Tutorial for the R package treeplyr

The purpose of treeplyr is to provide functions for matching a tree to data, and to manipulate that data using dplyr--all while maintaining a perfect match between the tree and the data.

I. Getting started

First we'll load some packages and generate some data to analyze. We're going to create a somewhat messy dataset and use treeplyr to manipulate the data to fit our needs.

require(treeplyr)
tree <- geiger::sim.bdtree(stop="taxa", n=50, seed=1)
dat <- data.frame(X1 = rnorm(50), X2 = rnorm(50), X3 = rnorm(50),
                  taxa=c(tree$tip.label[1:40], paste("s", 51:60, sep="")), 
                  D1=sample(c("Hello", "World"), 50, replace=TRUE), D2=rbinom(50,1,0.5), 
                  D3=0.3+rbinom(50, 4, c(0.1,0.1,0.5,0.3)), XNA1 = c(rep(NA, 10), rnorm(40)))

Let's check and see what the tree and data look like:

tree
head(dat)

Notice that the dataset we have created has a mix of trait types, with both discrete and continuous characters, some data with missing data, and species names buried in the middle of the data matrix. The function make.treedata will search the data table for the column with the most matches to the tree, and automatically use this column for matching. It will also search the rownames. Either way, the command is quite simple:

td <- make.treedata(tree, dat)

We can use summary to display information about our treedata object.

summary(td)

We can also use indices directly on the treedata object, but note that these drop the tree:

td[[1]]
td[['X1']]
td[1:10,1:2]

For single brackets ('[]'), we can specify that we want to keep the tip labels:

td[1:10, 1, tip.label=TRUE]

II. The Basics: Reorder, Select, Filter, & Mutate

reorder

The treedata object itself is made up of a list of two elements $phy giving the tree and $dat providing in the data. One operation that is relatively common is changing the ordering of the phylogeny. It's important to maintain a match between the tree and the data.

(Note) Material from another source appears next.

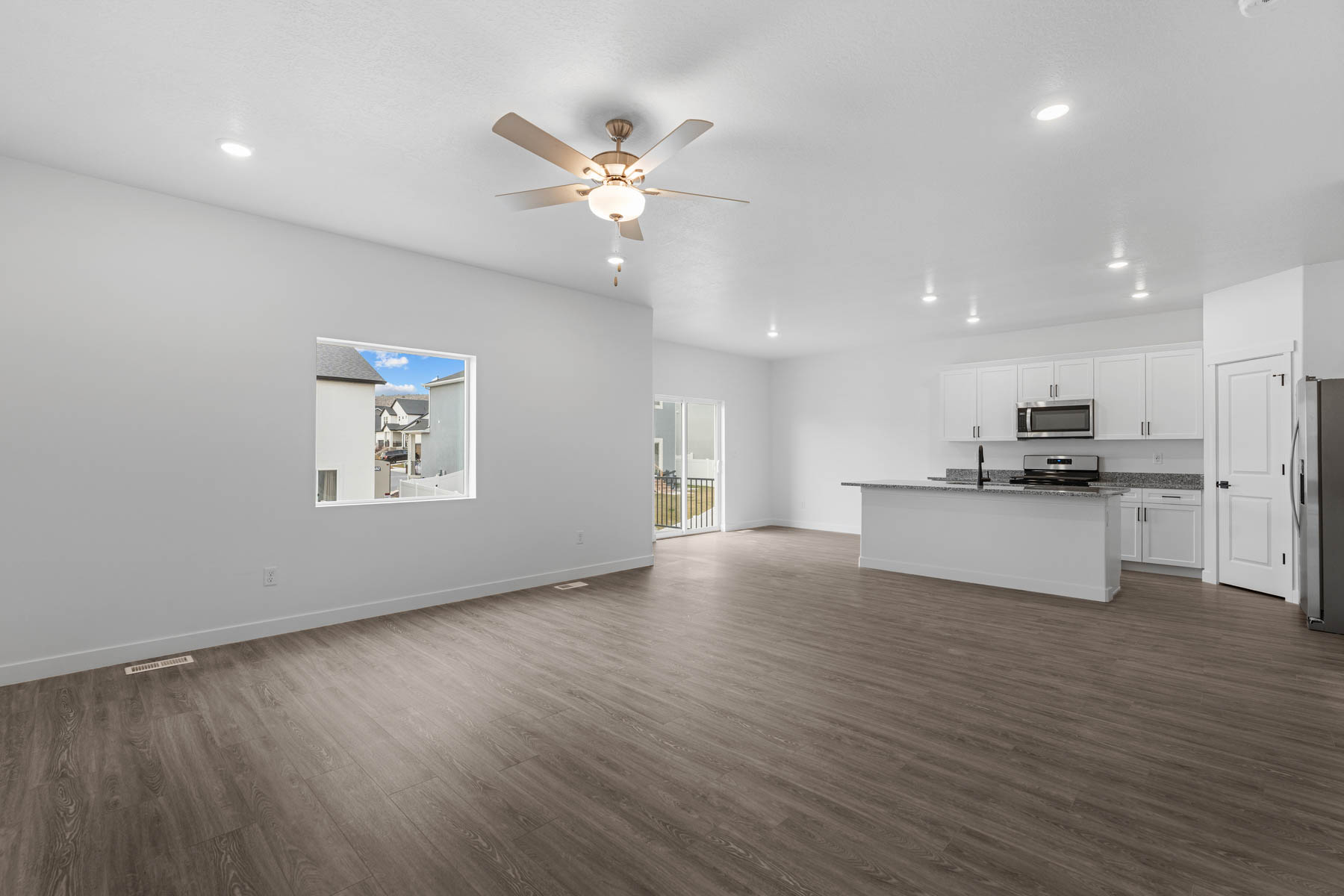 Expansive open-concept living space featuring wood-finish flooring, recessed lighting, and a ceiling fan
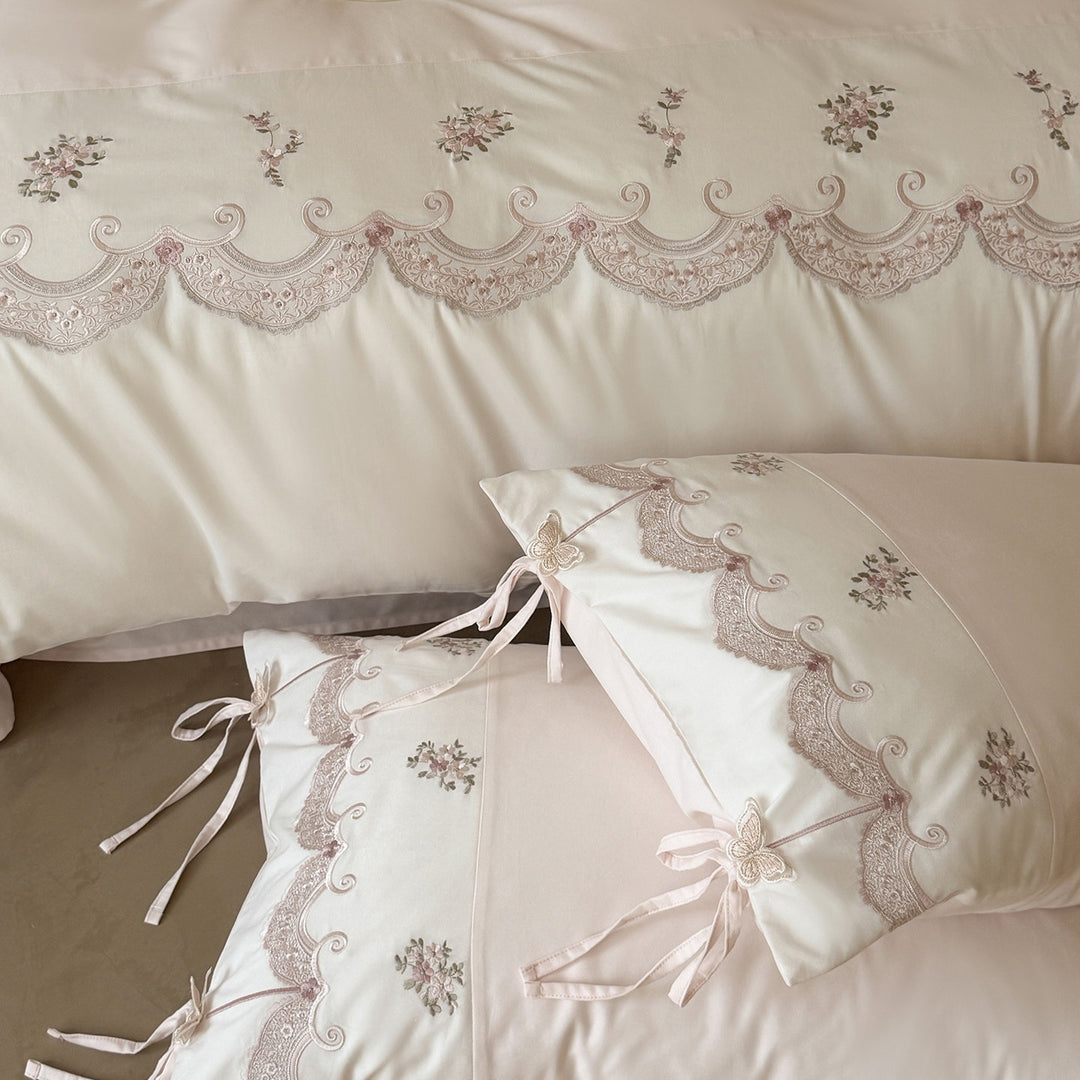 Luxurious embroidered satin bedding set with ruffled hem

td <- reorder(td, "postorder")

select

We can use dplyr functions select, filter and mutate directly on the treedata object. The select function allows you to choose which columns you want in the dataset. Any number of columns can be specified:

select(td, X1, D1)
select(td, 1:3)
select(td, 1, 4, 6)

filter

We can also use the filter function allows us to select only those rows that meet a specific critierion. Multiple criteria can be used to limit the dataset even more. note that as the dataset is filtered, the tree is automatically pruned to reflect the datasets represented.

filter(td, X1 > 0, D1=="Hello", is.na(XNA1)==FALSE)
filter(td, X1 + X2 > 0 & D1 == "Hello")

mutate

The function mutate adds a new variable to the dataset. It may be a transformation of one or more existing variables. For example, we may wish to log transform a variable, or average two or more variables.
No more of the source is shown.